Centroamérica no tiene una industria cinematográfica robusta en comparación con nuestros vecinos del norte o el sur. La infraestructura es relativamente nueva y el financiamiento casi inexistente. Pero sí tenemos historias, grandes, entretenidas, tristes, alegres, y sobre todo importantes. Y tenemos a creativos como Laura, Josie y Juan Pedro, que están construyendo maneras nuevas de compartir esas historias, ya sea a través de sus propias películas o creando espacios alternativos para compartir las de otros.

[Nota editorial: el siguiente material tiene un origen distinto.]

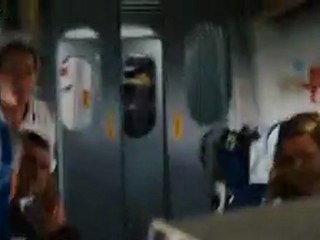 Wanted - 06 - Watch32.Com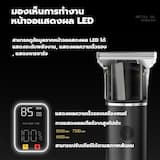 ภาพย่อ 6
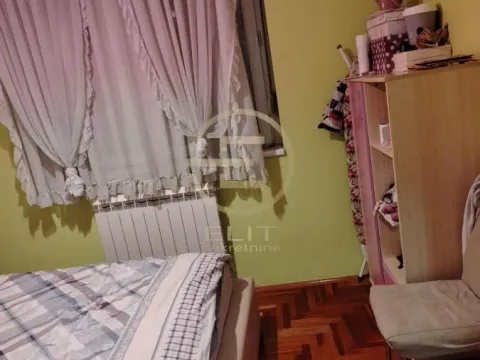 Izdavanje, jednosoban stan, 46m², Socijalno, Novi Sad Sve Podlokacije - image 7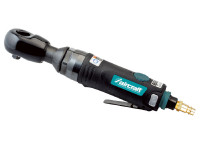 Uťahovák račňový SRS  1/2"  HT PRO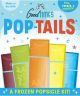 GoodTimes Pop-Tails® Popsicle Kit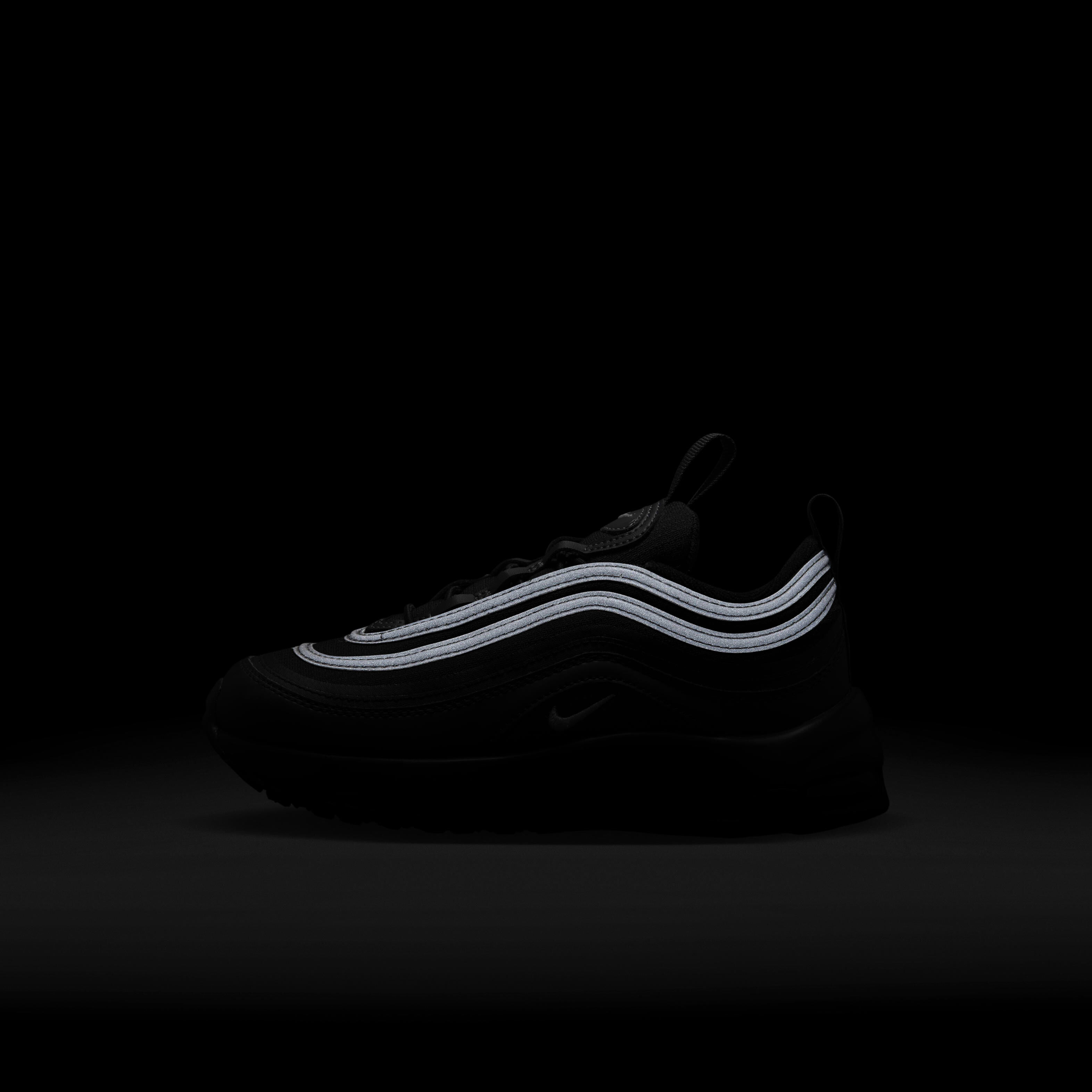 Nike Air Max 97 image number 10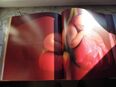 Anne Geddes Celine Dion Miracle + Willkommen 2 Bildbände CD+DVD zus. 10,- in 24944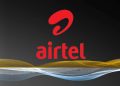 Airtel Expands Network Capacity with New Site Rollout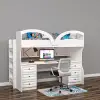 Owl Membran Çalışma Masalı Ranza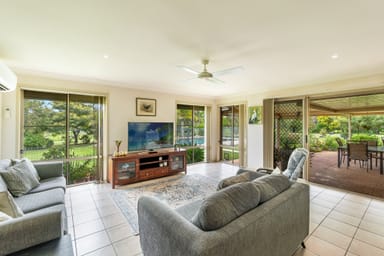 Property 14 Citrus Close, James Creek NSW 2463 IMAGE 0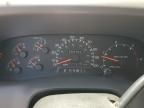 1999 Ford F250 Super Duty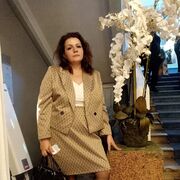  ,   , 34 ,     , c , 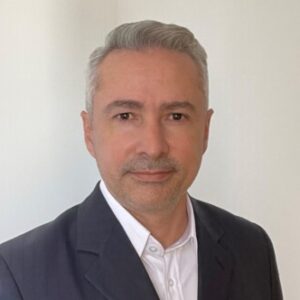 Foto do perfil de Italo Lucena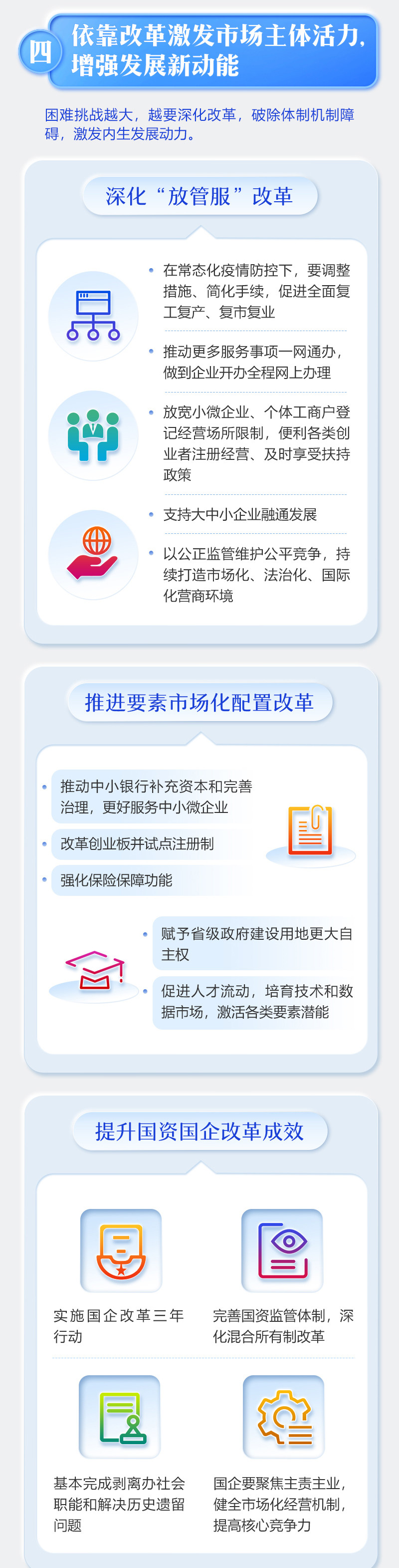 6686体育(中国区) - 官方网站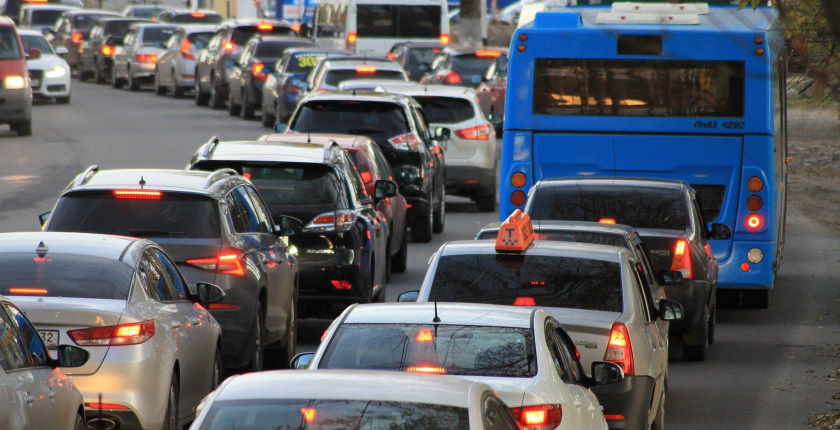 sofija zagadjenje vazduha presuda grad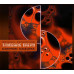 Tangerine Dream – Canyon Cazuma (CD, Compilation)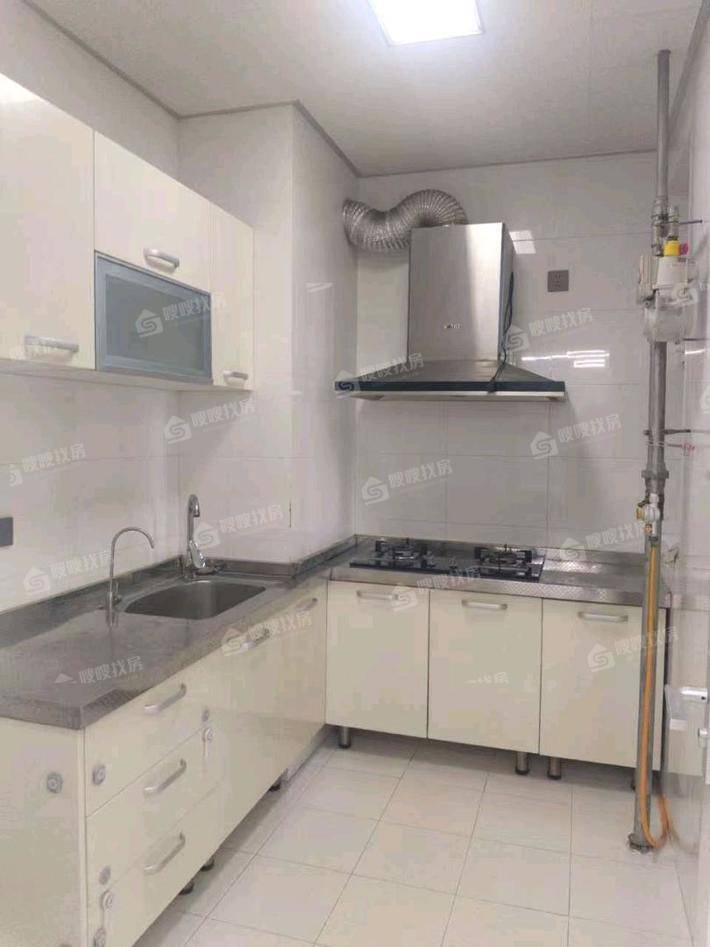 万泰丽景东区2室2厅1卫86㎡
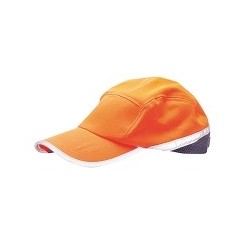 GORRA BASEBALL PORTWEST...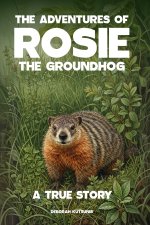 The Adventures of Rosie the Groundhog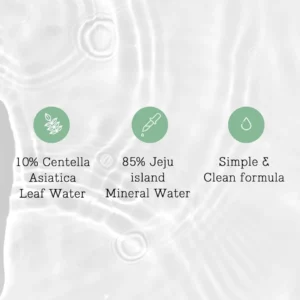 cosrx-centella-water-alcohol-free-toner-150ml-pic-5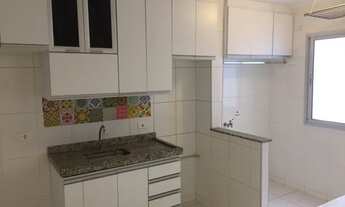 Imagem 6: Apartamentos - ED. DEL GIARDINO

El año pasado asistí a la premiere de Con esta luz en Nueva York, un documental con talento hondureño frente y detrás de cámaras, codirigido también por Laura y producido por Jessica Sarowitz. El documental cuenta la historia de la hermana María Rosa Leggol, una monja que ayudó a sacar de la pobreza a más de 87,000 niños y niñas hondureñas. Fue una experiencia igual de interesante para mí, no solo por la historia en sí, sino porque fue una de las pocas veces en las que estuve en una sala en Nueva York donde se celebraba a los hondureños como héroes, filántropos, como visionarios, como artistas.
Y eso es lo que también experimenté en la función de Tercer Cine. Ambos fueron espacios donde nos vemos a nosotros mismos como algo más que los estereotipos con los que a menudo nos han intentado definir.
La importancia de este trabajo no es solo cultural; es profundamente político. Honduras es un país donde la desigualdad es enorme. El acceso a algo tan simple como una película es un privilegio que no muchas personas pueden permitirse. En este contexto, proyectar películas gratuitamente en espacios públicos se convierte en un acto radical de inclusión, una manera de decir: importás. La presencia y experiencia de la población hondureña importa.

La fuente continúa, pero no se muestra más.